▸ **Data to process**:
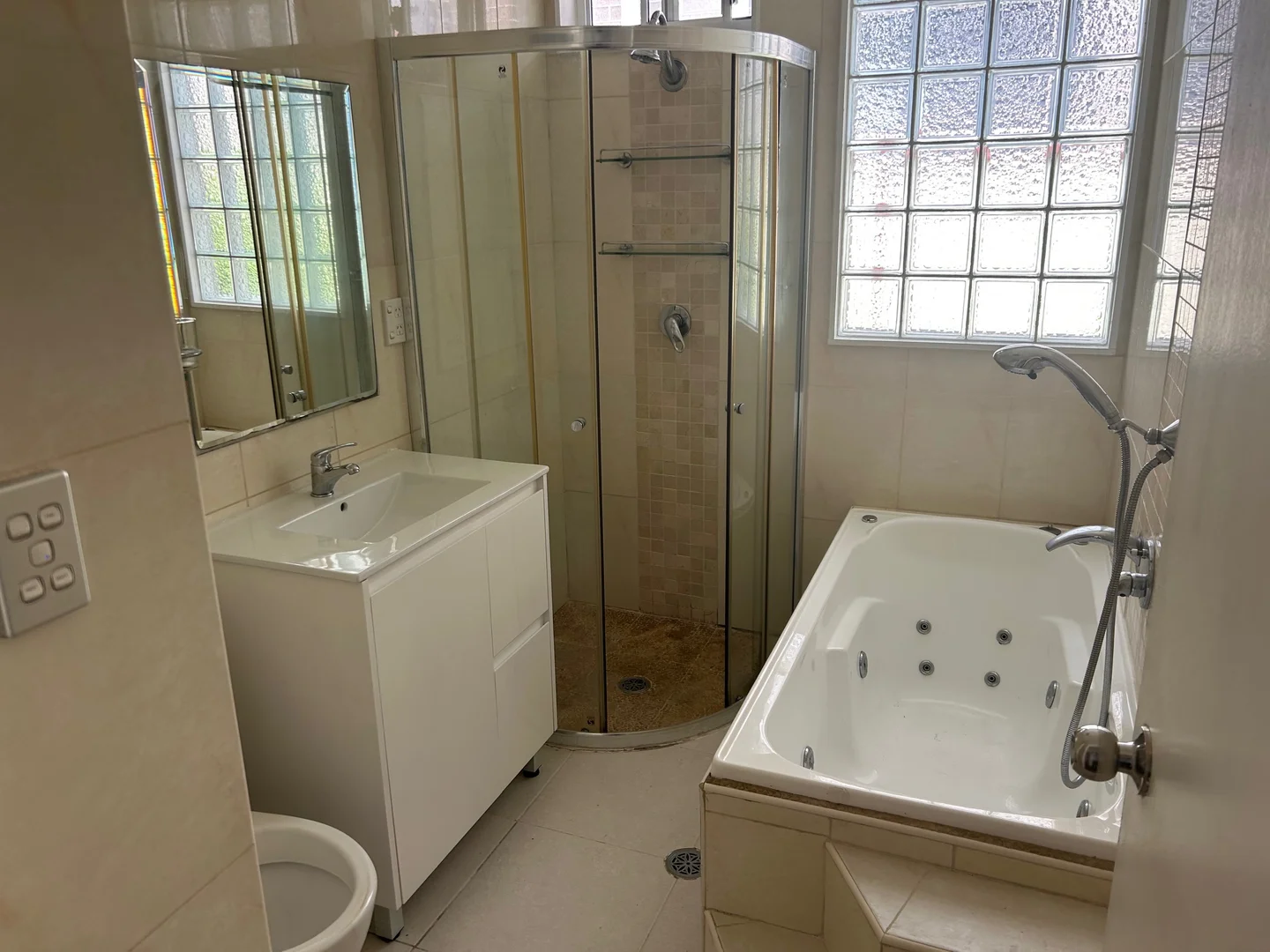 Additional image 3 of 25 O'Neill Street, Granville NSW 2142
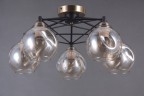 Накладная люстра Vele Luce VL1882L05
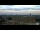 Webcam in Reggio Emilia, 26.4 km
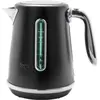 Bouilloire SAGE APPLIANCES the Soft Top Luxe (noire)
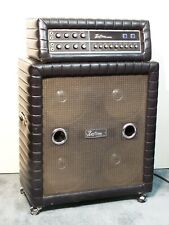 Vintage 70s kustom for sale  Hays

▸ **Your task**:
Before copying the data, remove the pictures. Then repeat the rest exactly.

▸ **Your response**:
 Additional image 3 of 25 O'Neill Street, Granville NSW 2142
 Накладная люстра Vele Luce VL1882L05
 Webcam in Reggio Emilia, 26.4 km
 Bouilloire SAGE APPLIANCES the Soft Top Luxe (noire)
 Vintage 70s kustom for sale  Hays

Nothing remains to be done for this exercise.